Unlike the teeth of our young Jane Doe.
I reclipped the photos and closed the file.
Sat a moment.
Reopened the file.
Checked a name.
Picked up and dialed the phone.

“UNITED STATES IMMIGRATION AND CUSTOMS Enforcement. How may I direct your call?”
I asked for Luther Dew, the agent working the mummified-dog case.
ICE does not offer music to callers placed on hold. Bored and agitated, my mind started playing What Songs Would Suit? Ricky Nelson’s “Travelin’ Man”? Neil Diamond’s “Coming to America”? Merle Haggard’s “Movin’ On”?
A recorded voice cut the game short.
“Special Agent Dew is not available to take your call. Please leave a message after the beep.”
I left a message.
Glanced at my watch. The time was movin’ on to 5:30 P.M. To be a travelin’ woman I’d need my car.
I opened the file again and stared at the photo of the unwrapped dog. What were they called? Chiribayan shepherds? Looked like a snoozing spaniel to me.
My eyes shifted to the phone, willing it to ring.
It didn’t. Of course.
My mind looped back to the Jane Doe who’d recently left Larabee’s table.
Had I missed something?
Before I could consider the possibility, the landline shrilled its after-hours ring.
“Dr. Brennan?”
“Speaking.”
“Due here.”
Confused, I looked at my watch again. Had I forgotten an appointment?

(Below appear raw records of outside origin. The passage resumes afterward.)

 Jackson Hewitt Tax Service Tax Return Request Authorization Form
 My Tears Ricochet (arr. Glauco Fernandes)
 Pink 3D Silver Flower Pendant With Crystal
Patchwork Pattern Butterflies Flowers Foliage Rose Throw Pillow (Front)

“Luther Dew. Returning your call.” The voice was high and somewhat effeminate. I pictured Truman Capote in bow tie and fedora.
“Thanks for calling back so quickly.”
Noncommittal silence.
“I’m with the medical examiner’s office.”

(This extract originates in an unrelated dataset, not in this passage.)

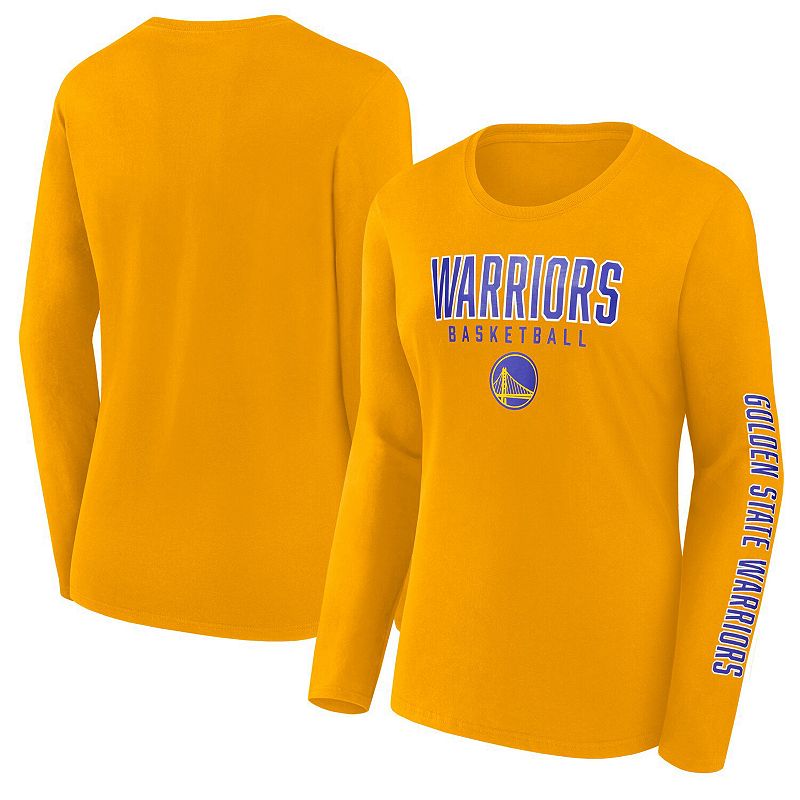 Women's Fanatics Gold Golden State Warriors Top Baller Long Sleeve T-Shirt,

“Yes. I just phoned you at this number.”
“I’m working on the Peruvian mummy bundles.”
“You’re the anthropologist?”
“I am.” Matching Dew’s prim with prim. “I wondered if I might have some background on the case. On Dominick Rockett, the importer.”
Dew gave an annoyed little click of his tongue.
“Sir?”
“Importers are legal and adhere to U.S. Customs regulations. They file proper paperwork. They bring in only what is allowed. None of that applies to Mr. Rockett in the matter of these artifacts.”
Of these artifacts?
“Has your agency had other interactions with Rockett?”

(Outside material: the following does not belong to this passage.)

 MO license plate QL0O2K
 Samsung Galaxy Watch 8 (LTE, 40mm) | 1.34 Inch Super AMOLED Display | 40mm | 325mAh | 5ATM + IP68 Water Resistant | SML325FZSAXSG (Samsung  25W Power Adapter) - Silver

“I am not at liberty to say.”
Alrighty, then.
But I hadn’t called Dew to talk about smuggling. His Peruvian dogs were simply my lead-in, a means to schmooze him for what I really wanted to know.
“Can you share anything on Rockett?”
“I cannot divulge the specifics of an open file.”
And I don’t give a rat’s ass about Dominick Rockett.
“I understand, sir. But mummified dogs are unusual for this facility. I assume you got a peek at the one that was partially unwrapped?”
More noncommittal silence. But a hitch in Dew’s breathing suggested he might be thawing.
“If that pooch opened its eyes and asked for Alpo, it wouldn’t surprise me.” I chuckled, congenial as hell. “He’s that well preserved.”
“Is he.”
“These dogs were quite a score for your department.”
“You wouldn’t believe the items we confiscate.” Did the prig actually sniff?
“I’m sure the array is impressive.”
“Take rhinoceros horns. Traditionally, smugglers would grind them and hide the powder inside statues or other hollow objects. Now they’re importing whole heads, declaring them as legal antiques. They sever the horns, replace them with synthetics, and think they’re in business. How dumb do they think we are?”
“The Peruvian dogs came through Charlotte-Douglas, right?”
“Smuggling isn’t limited to big cities. Contraband can arrive at any port of entry.” Dew was opening up, though revealing only what was public knowledge. I knew the ploy. Had used it myself. “Did you read about the Tyrannosaurus bones seized up north?”
“Sir?”
“A semicomplete skeleton from the Gobi Desert. The imbeciles listed it on two different importation documents. As if we wouldn’t check.” Yep. Dew actually sniffed in disdain. “They declared reptile heads, broken fossil bones, and a couple of lizards.”
“What was the tip-off?” I picked up and started flipping a pen on my blotter.
“The materials were wildly undervalued. But the flashing red was the information entered as country of origin.”
“Which was?”
“England.”
“Tyrannosaurus-on-Thames?”
“Yes. The Mongolians had a giggle over that.” Delivered without a hint of a laugh.
“Good work.”
“The American people don’t fully appreciate what ICE does for international relations.”